The Association of Southeast Asian Nations (ASEAN) region is New Zealand's third-largest export market - worth NZ$4.6 billion in the year to June 2008. The AANZFTA was thus said to represent an important 'building block' in New Zealand’s growing East Asia trade and economic architecture.
The AANZFTA is said to facilitate the trade of goods, services and investments between the respective economies through the progressive elimination of barriers and the reduction of transaction costs. By 2020, all of New Zealand's tariffs on ASEAN products will be phased down to zero.
Chapter 13 of the agreement aims to develop cooperation and capacity building in IP law in the ASEAN region. The AANZFTA aims to protect IP rights across the ASEAN region in a consistent way, and give investors and traders increased confidence in operating within the region.
Like the China-New Zealand free trade agreement, AANZFTA reaffirms the parties' existing rights and obligations under the Agreement on Trade-Related Aspects of Intellectual Property Rights. Each party is required to accord to nationals of other parties treatment no less favourable than that it accords to its own nationals with regard to the protection of IP rights. The AANZFTA also contains specific obligations on the protection and enforcement of IP rights. It requires greater transparency of IP laws and systems, and contains an obligation on parties to endeavour to make available on internet databases all pending and registered trademark rights in their respective jurisdictions. The AANZFTA also establishes a committee on intellectual property to monitor the implementation of the IP provisions.

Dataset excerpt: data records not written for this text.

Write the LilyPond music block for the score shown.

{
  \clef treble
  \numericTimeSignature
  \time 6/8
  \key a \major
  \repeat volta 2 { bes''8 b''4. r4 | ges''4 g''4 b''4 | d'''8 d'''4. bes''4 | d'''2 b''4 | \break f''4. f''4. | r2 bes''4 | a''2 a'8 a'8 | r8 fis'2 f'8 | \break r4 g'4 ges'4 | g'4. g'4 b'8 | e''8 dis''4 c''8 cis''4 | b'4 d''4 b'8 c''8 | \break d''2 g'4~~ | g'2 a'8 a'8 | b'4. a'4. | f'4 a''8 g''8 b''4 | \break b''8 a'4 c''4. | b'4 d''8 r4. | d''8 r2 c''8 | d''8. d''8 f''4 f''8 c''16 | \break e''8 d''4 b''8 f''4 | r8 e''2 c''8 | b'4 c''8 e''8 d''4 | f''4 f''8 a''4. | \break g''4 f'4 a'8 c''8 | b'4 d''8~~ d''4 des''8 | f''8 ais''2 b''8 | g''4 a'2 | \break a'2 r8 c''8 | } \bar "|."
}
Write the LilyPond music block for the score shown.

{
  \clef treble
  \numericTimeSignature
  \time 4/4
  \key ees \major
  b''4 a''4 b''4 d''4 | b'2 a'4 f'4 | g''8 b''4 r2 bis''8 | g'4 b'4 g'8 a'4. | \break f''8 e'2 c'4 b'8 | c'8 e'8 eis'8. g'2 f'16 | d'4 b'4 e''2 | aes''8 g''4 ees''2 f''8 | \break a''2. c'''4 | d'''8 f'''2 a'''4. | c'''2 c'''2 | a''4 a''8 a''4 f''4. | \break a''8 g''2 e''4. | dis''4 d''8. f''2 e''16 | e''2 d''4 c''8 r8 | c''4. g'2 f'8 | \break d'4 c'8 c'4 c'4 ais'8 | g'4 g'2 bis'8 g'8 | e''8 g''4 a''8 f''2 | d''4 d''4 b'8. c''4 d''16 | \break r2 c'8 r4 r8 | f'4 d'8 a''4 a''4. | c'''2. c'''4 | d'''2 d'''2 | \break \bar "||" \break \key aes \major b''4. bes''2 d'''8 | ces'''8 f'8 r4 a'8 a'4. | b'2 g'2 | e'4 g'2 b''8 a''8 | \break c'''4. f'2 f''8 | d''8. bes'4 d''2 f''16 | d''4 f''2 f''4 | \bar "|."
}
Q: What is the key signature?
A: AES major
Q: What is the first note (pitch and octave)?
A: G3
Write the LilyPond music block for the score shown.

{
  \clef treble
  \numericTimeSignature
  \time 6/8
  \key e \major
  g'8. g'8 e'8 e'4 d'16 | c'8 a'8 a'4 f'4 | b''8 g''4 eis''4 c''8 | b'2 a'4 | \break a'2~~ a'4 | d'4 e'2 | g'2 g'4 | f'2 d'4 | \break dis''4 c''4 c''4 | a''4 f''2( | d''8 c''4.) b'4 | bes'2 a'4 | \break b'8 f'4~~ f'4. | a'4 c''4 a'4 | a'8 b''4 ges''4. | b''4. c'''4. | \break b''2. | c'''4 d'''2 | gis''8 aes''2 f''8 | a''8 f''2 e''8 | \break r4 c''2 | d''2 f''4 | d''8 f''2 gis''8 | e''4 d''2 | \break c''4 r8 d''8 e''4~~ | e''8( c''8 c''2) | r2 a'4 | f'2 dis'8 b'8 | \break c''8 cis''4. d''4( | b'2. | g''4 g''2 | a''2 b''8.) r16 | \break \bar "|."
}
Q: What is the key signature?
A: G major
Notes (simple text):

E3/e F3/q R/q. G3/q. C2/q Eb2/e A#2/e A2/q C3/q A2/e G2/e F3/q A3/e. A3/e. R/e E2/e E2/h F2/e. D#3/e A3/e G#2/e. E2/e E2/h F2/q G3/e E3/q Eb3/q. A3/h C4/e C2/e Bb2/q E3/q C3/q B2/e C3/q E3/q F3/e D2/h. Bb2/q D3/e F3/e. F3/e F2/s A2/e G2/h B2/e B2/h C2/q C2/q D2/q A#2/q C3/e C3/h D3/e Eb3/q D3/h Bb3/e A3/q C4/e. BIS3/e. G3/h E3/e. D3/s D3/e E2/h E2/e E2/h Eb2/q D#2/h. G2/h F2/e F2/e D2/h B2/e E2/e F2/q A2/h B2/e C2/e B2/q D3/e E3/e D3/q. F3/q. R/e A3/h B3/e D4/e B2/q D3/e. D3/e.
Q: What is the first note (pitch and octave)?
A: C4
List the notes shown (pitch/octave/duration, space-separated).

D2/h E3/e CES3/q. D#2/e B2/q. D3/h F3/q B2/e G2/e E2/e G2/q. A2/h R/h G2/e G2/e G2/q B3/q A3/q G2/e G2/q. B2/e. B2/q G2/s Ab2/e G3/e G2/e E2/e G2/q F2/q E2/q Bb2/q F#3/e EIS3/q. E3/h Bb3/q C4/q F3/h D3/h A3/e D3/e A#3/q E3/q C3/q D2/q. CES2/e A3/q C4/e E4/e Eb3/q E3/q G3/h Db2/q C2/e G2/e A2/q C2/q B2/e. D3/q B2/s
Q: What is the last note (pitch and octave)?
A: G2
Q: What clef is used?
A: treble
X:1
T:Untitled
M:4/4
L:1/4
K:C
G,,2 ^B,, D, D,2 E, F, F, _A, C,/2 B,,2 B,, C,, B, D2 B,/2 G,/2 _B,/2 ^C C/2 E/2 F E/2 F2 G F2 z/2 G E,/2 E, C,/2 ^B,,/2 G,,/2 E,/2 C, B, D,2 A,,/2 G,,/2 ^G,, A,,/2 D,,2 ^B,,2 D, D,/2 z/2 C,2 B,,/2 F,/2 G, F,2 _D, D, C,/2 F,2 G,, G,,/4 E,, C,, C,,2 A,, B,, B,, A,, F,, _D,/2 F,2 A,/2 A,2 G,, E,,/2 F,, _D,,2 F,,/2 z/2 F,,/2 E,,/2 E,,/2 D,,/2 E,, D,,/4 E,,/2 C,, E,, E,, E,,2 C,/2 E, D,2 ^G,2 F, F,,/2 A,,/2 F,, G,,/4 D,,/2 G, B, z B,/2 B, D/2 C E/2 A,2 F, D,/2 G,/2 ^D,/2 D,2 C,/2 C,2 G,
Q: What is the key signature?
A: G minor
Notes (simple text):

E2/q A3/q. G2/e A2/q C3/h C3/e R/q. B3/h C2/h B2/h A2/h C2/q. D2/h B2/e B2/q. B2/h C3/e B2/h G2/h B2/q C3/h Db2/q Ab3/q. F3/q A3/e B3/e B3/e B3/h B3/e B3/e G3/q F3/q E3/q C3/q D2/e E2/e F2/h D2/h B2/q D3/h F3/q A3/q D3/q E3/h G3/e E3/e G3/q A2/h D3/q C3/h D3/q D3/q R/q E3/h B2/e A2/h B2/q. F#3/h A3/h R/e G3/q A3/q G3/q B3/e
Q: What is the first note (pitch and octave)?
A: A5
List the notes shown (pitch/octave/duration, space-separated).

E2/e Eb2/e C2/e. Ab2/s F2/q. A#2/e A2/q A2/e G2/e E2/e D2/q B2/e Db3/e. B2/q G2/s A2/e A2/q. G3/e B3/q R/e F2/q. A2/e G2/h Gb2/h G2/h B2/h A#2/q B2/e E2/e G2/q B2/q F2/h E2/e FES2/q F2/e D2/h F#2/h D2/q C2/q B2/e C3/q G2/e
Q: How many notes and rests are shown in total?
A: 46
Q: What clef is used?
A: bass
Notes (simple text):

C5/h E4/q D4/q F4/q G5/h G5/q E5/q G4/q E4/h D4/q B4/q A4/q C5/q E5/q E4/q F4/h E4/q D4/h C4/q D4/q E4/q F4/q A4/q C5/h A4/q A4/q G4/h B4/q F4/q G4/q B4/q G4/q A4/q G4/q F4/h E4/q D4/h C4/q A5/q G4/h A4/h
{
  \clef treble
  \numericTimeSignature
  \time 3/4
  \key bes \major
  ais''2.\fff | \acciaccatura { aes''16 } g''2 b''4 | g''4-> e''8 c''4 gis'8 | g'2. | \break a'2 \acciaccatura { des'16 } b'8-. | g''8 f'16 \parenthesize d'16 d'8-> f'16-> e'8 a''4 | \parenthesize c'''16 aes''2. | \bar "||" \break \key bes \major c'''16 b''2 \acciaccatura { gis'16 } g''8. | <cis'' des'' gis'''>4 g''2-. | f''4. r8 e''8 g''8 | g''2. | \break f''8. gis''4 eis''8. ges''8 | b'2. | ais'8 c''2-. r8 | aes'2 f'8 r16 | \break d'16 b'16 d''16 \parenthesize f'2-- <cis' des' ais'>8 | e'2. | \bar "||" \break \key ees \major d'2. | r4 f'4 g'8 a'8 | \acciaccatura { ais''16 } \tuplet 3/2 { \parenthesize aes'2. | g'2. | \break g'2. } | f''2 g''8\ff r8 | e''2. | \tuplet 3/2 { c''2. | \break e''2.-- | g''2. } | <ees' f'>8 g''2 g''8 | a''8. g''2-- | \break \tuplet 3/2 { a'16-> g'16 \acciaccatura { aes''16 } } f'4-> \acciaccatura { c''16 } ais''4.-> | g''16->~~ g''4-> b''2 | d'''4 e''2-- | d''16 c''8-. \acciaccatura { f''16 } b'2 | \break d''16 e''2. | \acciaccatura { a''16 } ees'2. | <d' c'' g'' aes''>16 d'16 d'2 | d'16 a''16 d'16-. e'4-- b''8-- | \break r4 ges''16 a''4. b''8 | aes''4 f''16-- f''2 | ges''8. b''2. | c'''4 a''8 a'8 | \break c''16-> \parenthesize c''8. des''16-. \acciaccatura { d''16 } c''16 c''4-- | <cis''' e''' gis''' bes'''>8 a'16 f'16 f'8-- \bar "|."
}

Finally, the AANZFTA provides for an Economic Cooperation Work Programme. The programme covers eight areas, including conformity assessment procedures for the protection of IP rights (eg, direct training for IP examiners, IP judges, patent attorneys, academia and the business community, as well as study visits, policy discussions and seminaries).
The AANZFTA may enter into force in New Zealand as early as July 2009 and, in any event, no later than January 1 2010.